Multiple publications since 2020 have reported on mouse-adapted SARS-CoV-2. Some of these studies involved passaging SARS-CoV-2 isolates of human origin in mice for 6, 10 or up to 30 passages, and then observing genetic mutations and changes in transmissibility and/or virulence in different species of mice. This work was reported from, for example, the USA (North Carolina, Iowa), France (Paris) and China (Harbin, Beijing, Wuhan, Shanghai).

Cameroni and international colleagues posted a manuscript on bioRxiv on Dec. 14, 2021, in which they reported experimental evidence that the Omicron receptor binding domain (RBD) “binds with increased affinity to human ACE2 and gains binding to mouse ACE2.” They concluded: “Collectively, these findings suggest that mutations in the RBD of Omicron may have enabled adaptation to rodents as well as contributed to potentially increased transmission in humans.”

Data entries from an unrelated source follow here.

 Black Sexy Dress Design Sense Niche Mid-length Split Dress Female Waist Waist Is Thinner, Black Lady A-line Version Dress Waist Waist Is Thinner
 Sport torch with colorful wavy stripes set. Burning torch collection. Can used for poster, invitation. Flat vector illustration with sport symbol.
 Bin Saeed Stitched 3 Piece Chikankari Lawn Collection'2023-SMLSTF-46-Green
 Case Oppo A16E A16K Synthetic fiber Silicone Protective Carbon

Earlier, Telenti and colleagues published a perspective titled “After the pandemic: perspectives on the future trajectory of COVID-19”in Nature on July 8, 2021. In a subsection on “interspecies spread” they wrote:

“New variants that can be transmitted back to humans in an interspecies ‘ping pong’ of infections could contribute to further SARS-CoV-2 diversification, as it is the case for influenza A viruses [boldface added]. Infection and propagation of SARS-CoV-2 in nonhuman species could lead to sequence alterations, interspecies transmission and adaptations that could compromise human immunity or affect virulence and that could diminish binding to monoclonal antibodies that are in clinical use.”  

If the hypothesis that Omicron does have a mouse origin is plausible, then what other mouse-related variants might exist in the near future? A worse-than-Omicron variant of concern would be one that is still highly transmissible and could also evade enough T-cell immunity to cause increased virulence. In theory, this variant might arise by a recombination event or perhaps prolonged interspecies “ping-ponging” between humans and mice.